A manufacturer approached FDA during the development of a new medical device that had substantial technological changes from previous iterations of that specific device and other similar devices from other manufacturers. FDA determined that additional clinical evidence was needed to support an approval decision for this device. A registry exists that captures all uses of medical devices in this clinical indication. The manufacturer designed a clinical study that compared the use of the new device to a non-randomized concurrent control group derived from the registry. The existing registry was evaluated by FDA and the manufacturer according to the factors cited in this guidance and was found to provide sufficient data on the control population, such that the manufacturer did not have to collect additional data from these patients or influence the course of their clinical care in any way.
FDA evaluates available evidence to make the best decision for patients and public health. In the case where RWD has been systematically collected, FDA has used these data, in combination with case reports, publications, adverse event reports, engineering and nonclinical test data, and other sources of information available to FDA to provide a full understanding of the severity of the issue, precipitating factors, affected population and alternative therapies.
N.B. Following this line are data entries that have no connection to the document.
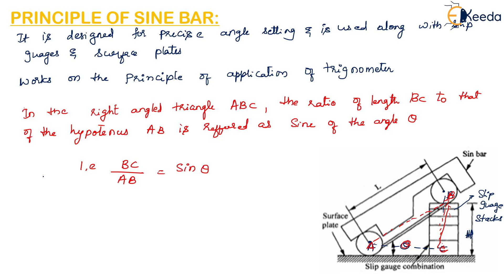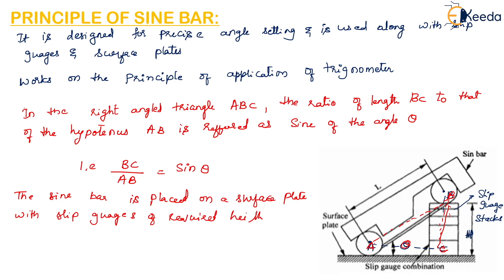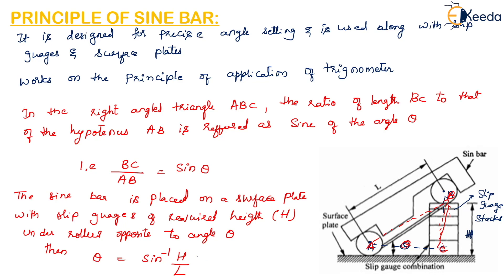The sine bar is placed on a surface plate with slip gauges of the required height H placed under one roller, opposite to angle theta. Then the angle theta can be written as sine inverse of H divided by L. This is the principle of the sine bar.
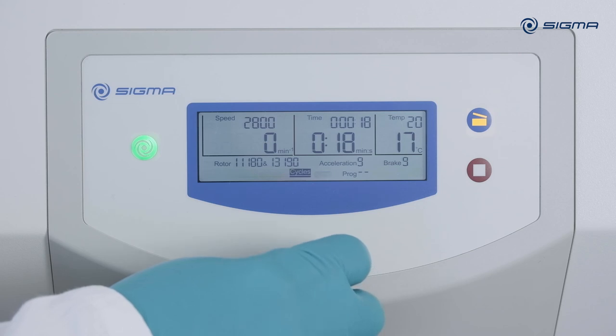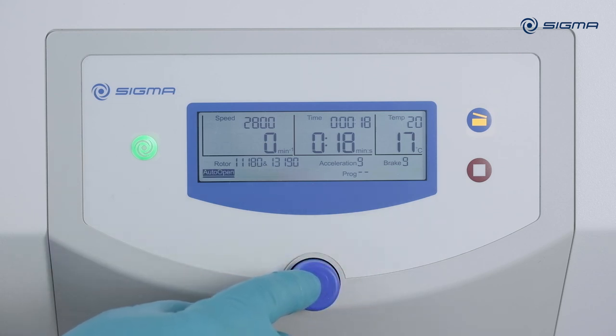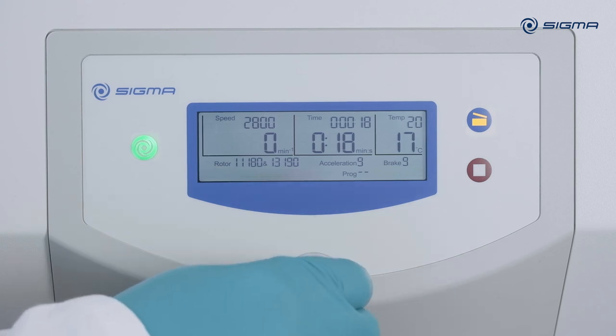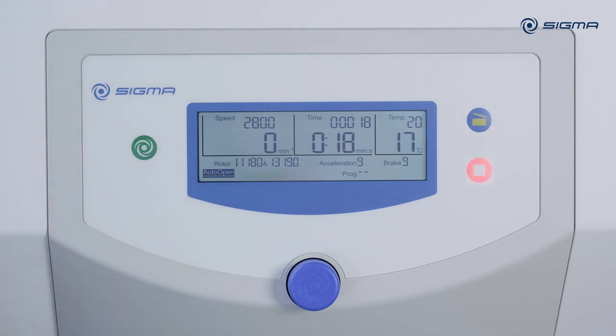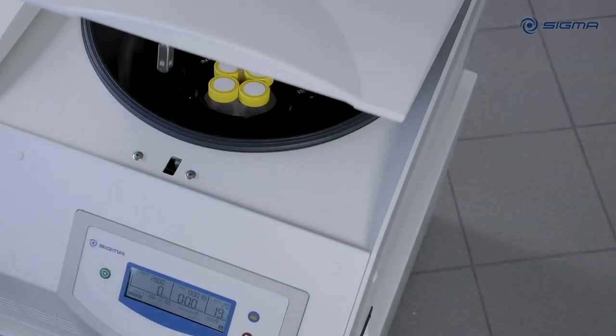You can enable automatic lid opening at the bottom of the menu. Press the knob, turn it, and then press it again, then press the start button to start the run. After the run is finished, the centrifuge lid will open automatically.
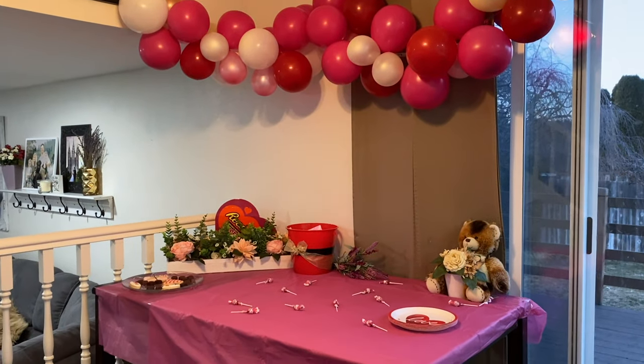Number two: have some sort of display decor table that has refreshments, treats, or something to eat. If you just focus it on that one room, then you don't have to go nuts and spend a million dollars decorating your whole house.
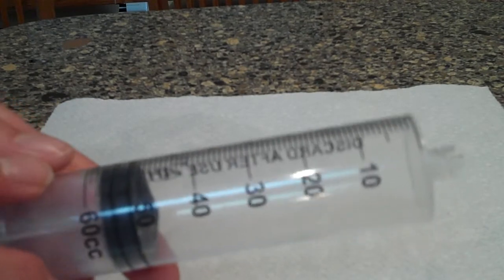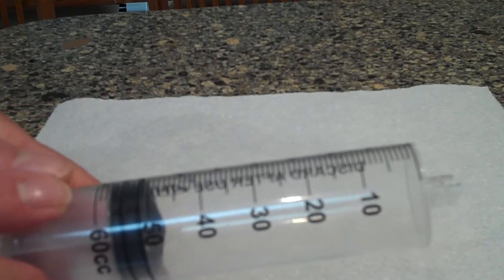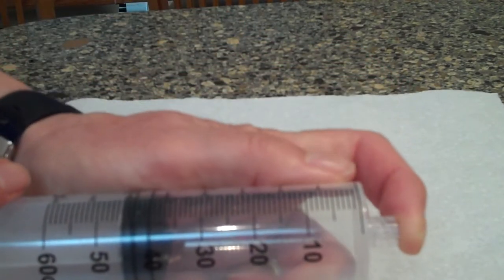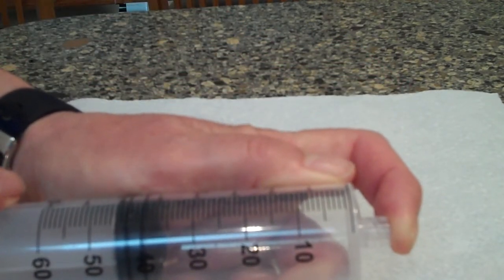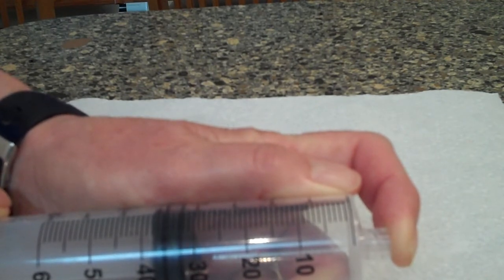Here's the idea for the syringe activity: kids have a 60cc syringe, they put it on about 40 and put their finger over the end of the syringe and push to see what the effect is.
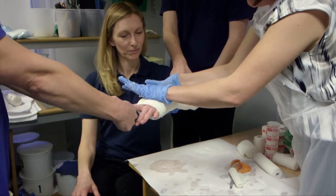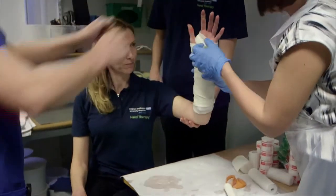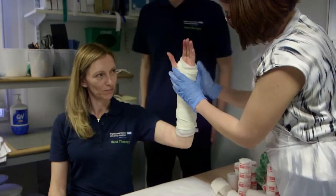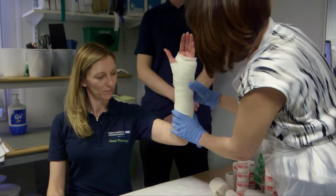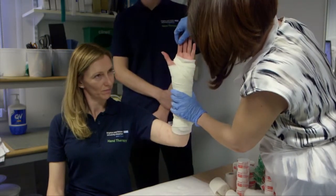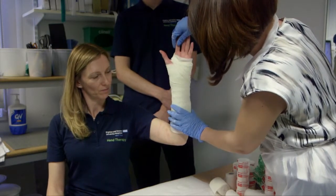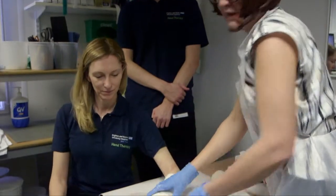Once the plaster is set, you can see here free movement of the fingers and thumb, neutral alignment of the wrist, and there's a very slight radial deviation which occurs when you traction the index and thumb, but it doesn't need to be overtly to the side. And that's a simple distal radius back slab.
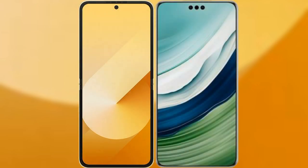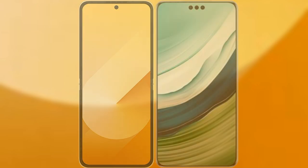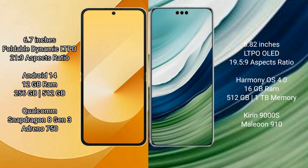I will compare the new Samsung Galaxy Z Flip 6 with Huawei Mate 60 Pro Plus. Samsung Galaxy Z Flip 6 comes with a 6.7-inch foldable dynamic LTPO AMOLED display at 6.0:21.9 aspect ratio. Huawei Mate 60 Pro Plus has a 6.82-inch LTPO OLED display at 6.0:19.5:9 aspect ratio.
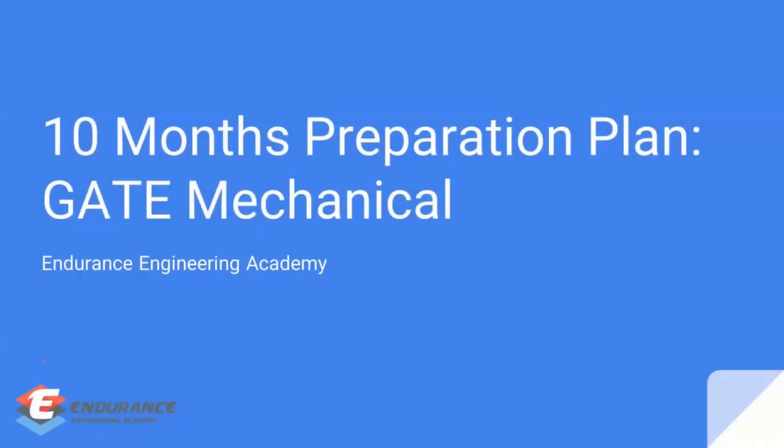Dear students, this is Vinod from Endurance Engineering Academy. In this video I'm going to discuss a 10-month preparation plan for GATE Mechanical. This will also be applicable for the PI paper and Production paper as well. Let's directly jump into what we are supposed to do for the GATE 10-month preparation.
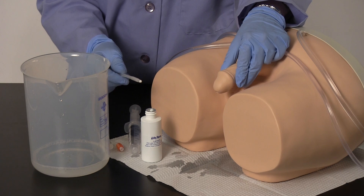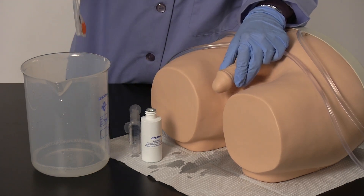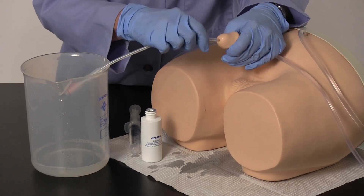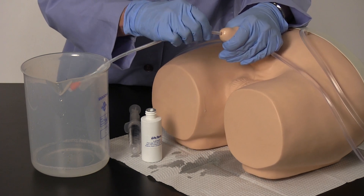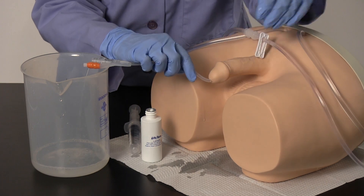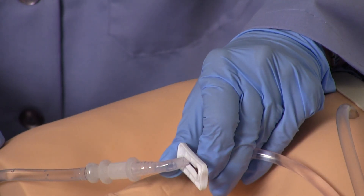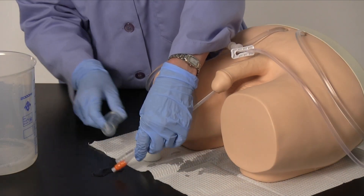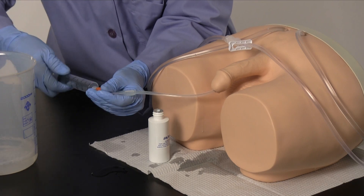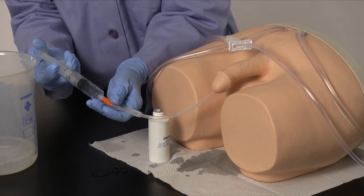A 20 cc syringe will be needed for this procedure. The syringe shown is not supplied. Follow the procedures before performing a catheterization. To restrict the flow of water when inflating the cuff, slide the clamp closed on the fluid administration set. Connect the 20 cc syringe to the threaded end of the catheter, ensuring the syringe is pulled back and filled with air. Depress approximately 10 cc of air into the catheter to fill the cuff.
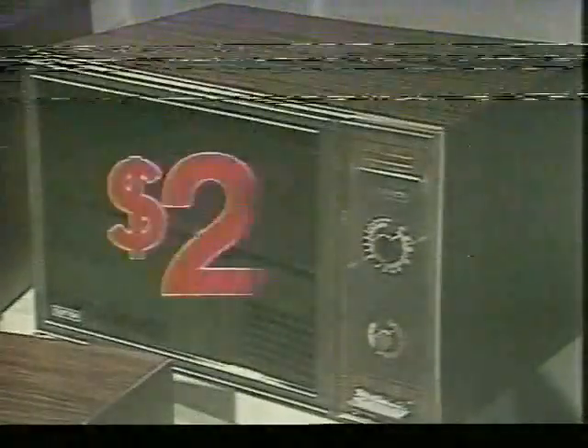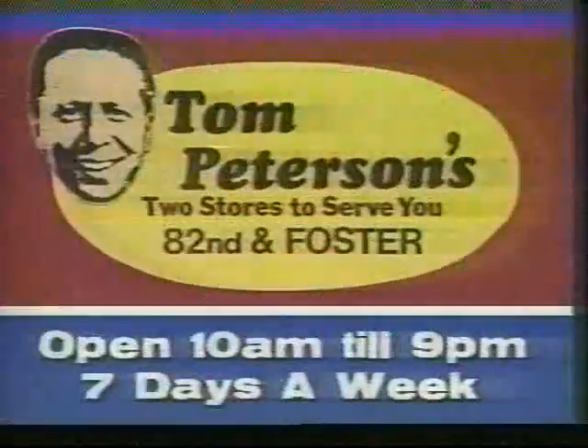And at Tom Peterson's, you can buy this full capacity dial model microwave oven for only $299. If you prefer terms, only $15 a month. Now that's Tom Peterson's.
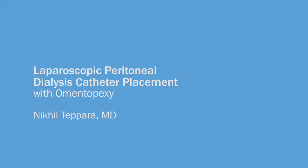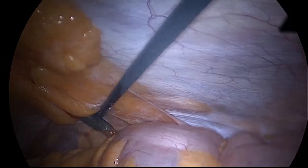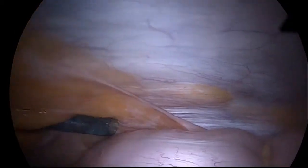Hi, my name is Dr. Nikhil Tafara, and today we'll be talking about laparoscopic peritoneal dialysis catheter placement with omentoflex. Here, as you can see, we're placing the port in a very pro-gravity fashion as opposed to perpendicular to the skin. Placement of the catheter in this manner can facilitate both infusion and drainage of the PD catheter.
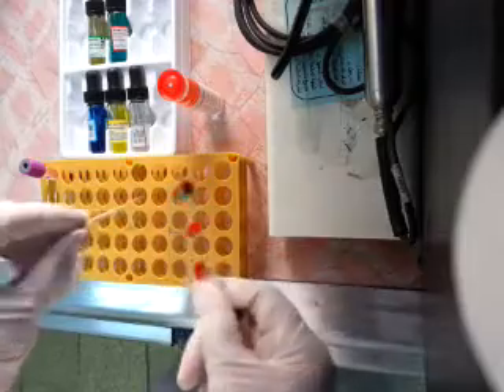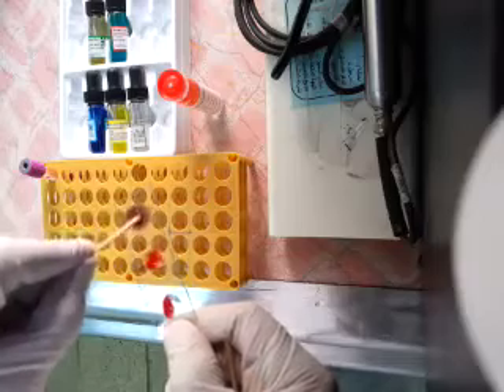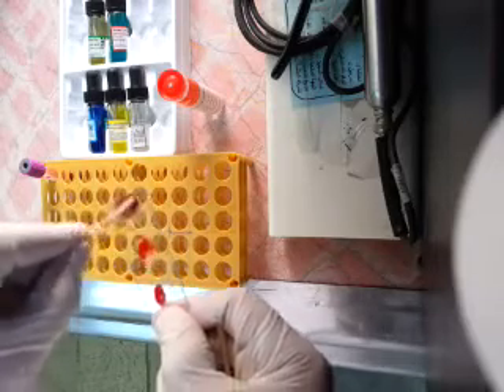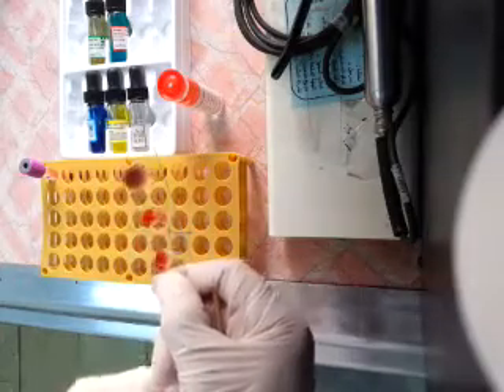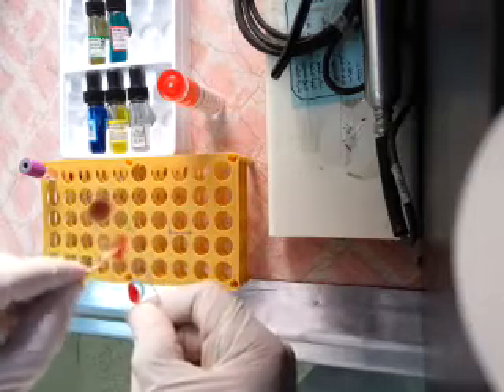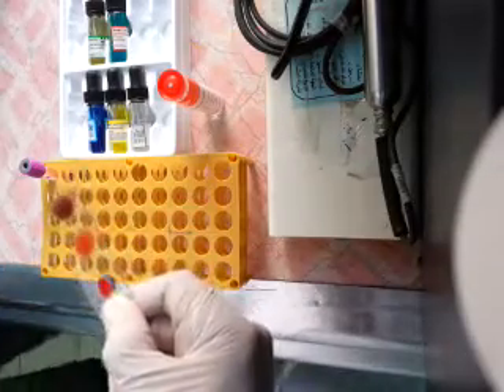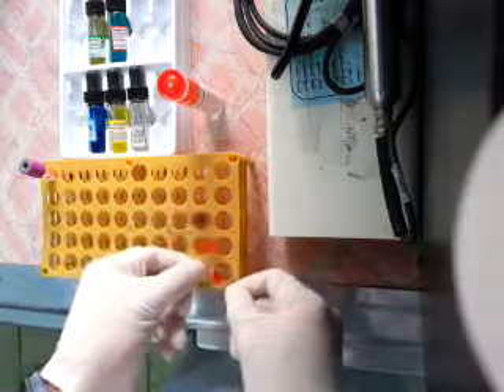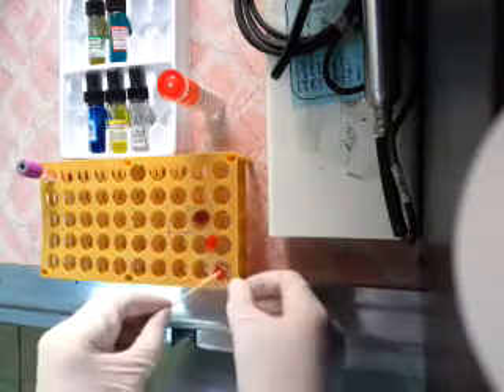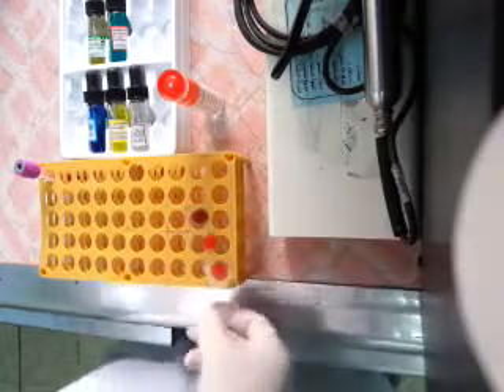We will make mixing. Next, we wait for agglutination. We tilt the slide to see agglutination for RH.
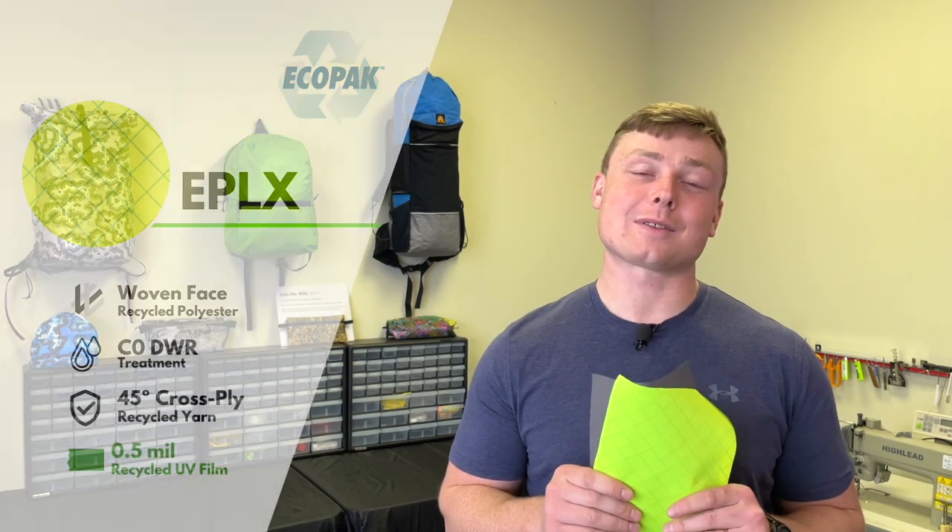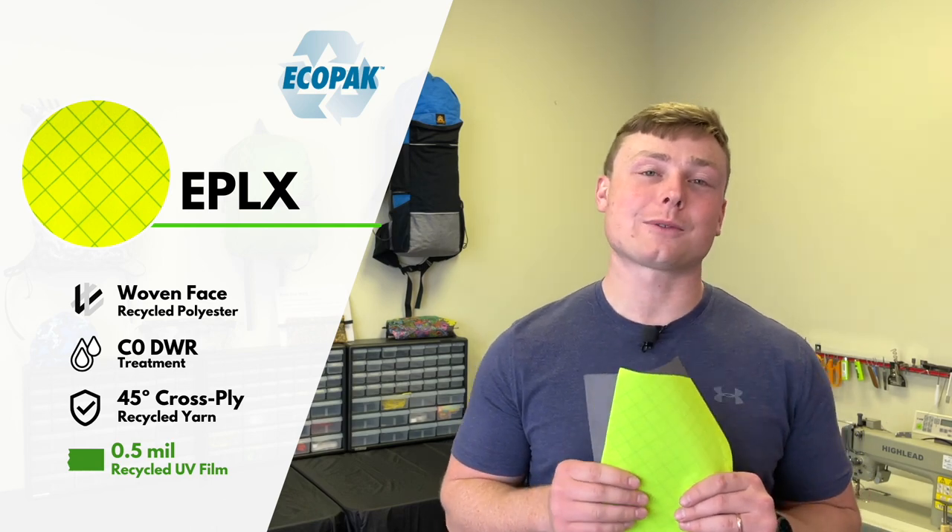The EPLX fabric is the light variant of the EPX line. The biggest difference being an exposed 0.5 mil RUV film backing, which makes the fabric tapeable and repairable.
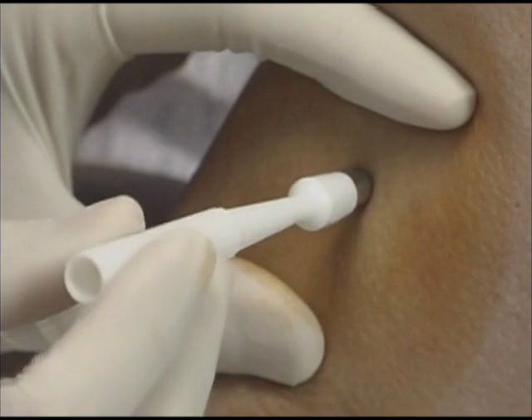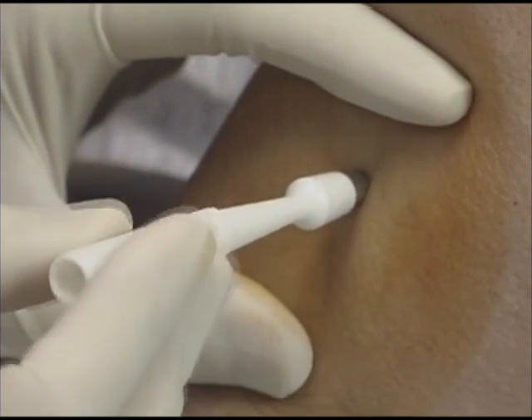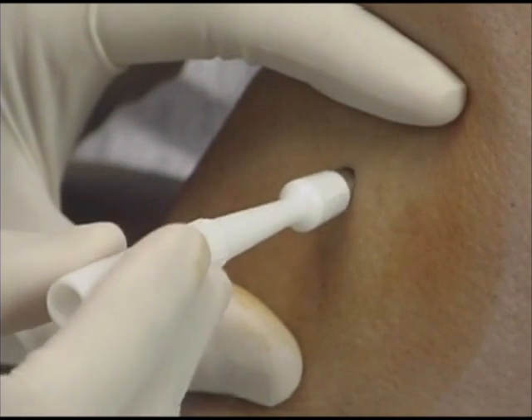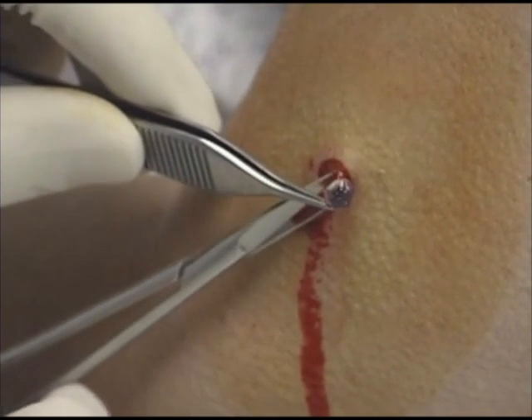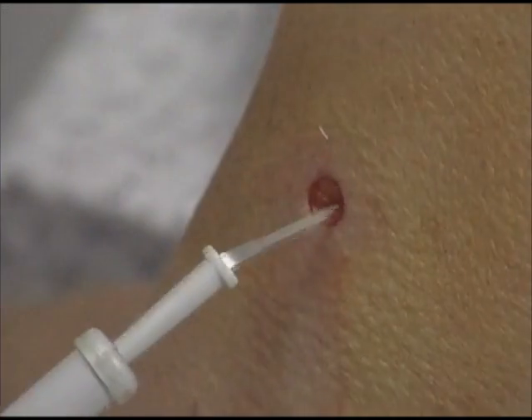This 6mm punch is rotated back and forth between the fingers while pressure is being placed against the skin. The punch biopsy specimen is removed by snipping off the core at the base with iris scissors. Good hemostasis can prevent hematomas, infections, and dehiscence. The lack of bleeding makes it easier to visualize the skin edges while closing the defect.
Periodically, FDA identifies an issue related to the safety of a marketed medical device that was not detected in premarket trials. The addition of RWD has proven extremely valuable to FDA, patients, physicians, and manufacturers to develop a course of action that best protects public health in these instances.
Objective Performance Criteria and Performance Goals
An Objective Performance Criterion (OPC) refers to a numerical target value derived from historical data from clinical studies and/or registries and may be used in a dichotomous (pass/fail) manner by FDA for the review and comparison of safety or effectiveness endpoints. An OPC is usually developed when device technology has sufficiently matured and can be based on publicly available information or on information pooled from all available studies on a particular kind of device.
Similar to OPC, a performance goal (PG) refers to a numerical value that is considered sufficient by FDA for use in the evaluation of an investigational device regarding a safety and/or effectiveness endpoint. But, generally, the device technology is not as well-developed or mature for use of a PG as for an OPC, and the data used to generate a PG is not considered as robust as that used to develop an OPC. A PG might be considered for challenging patient populations or if there is no clinical equipoise for any control. From a sufficiently relevant and reliable observational data source, a PG can be constructed using appropriate statistical methods, such as a subject-level meta-analysis. As technology evolves over time, an OPC or PG could be updated using observational data.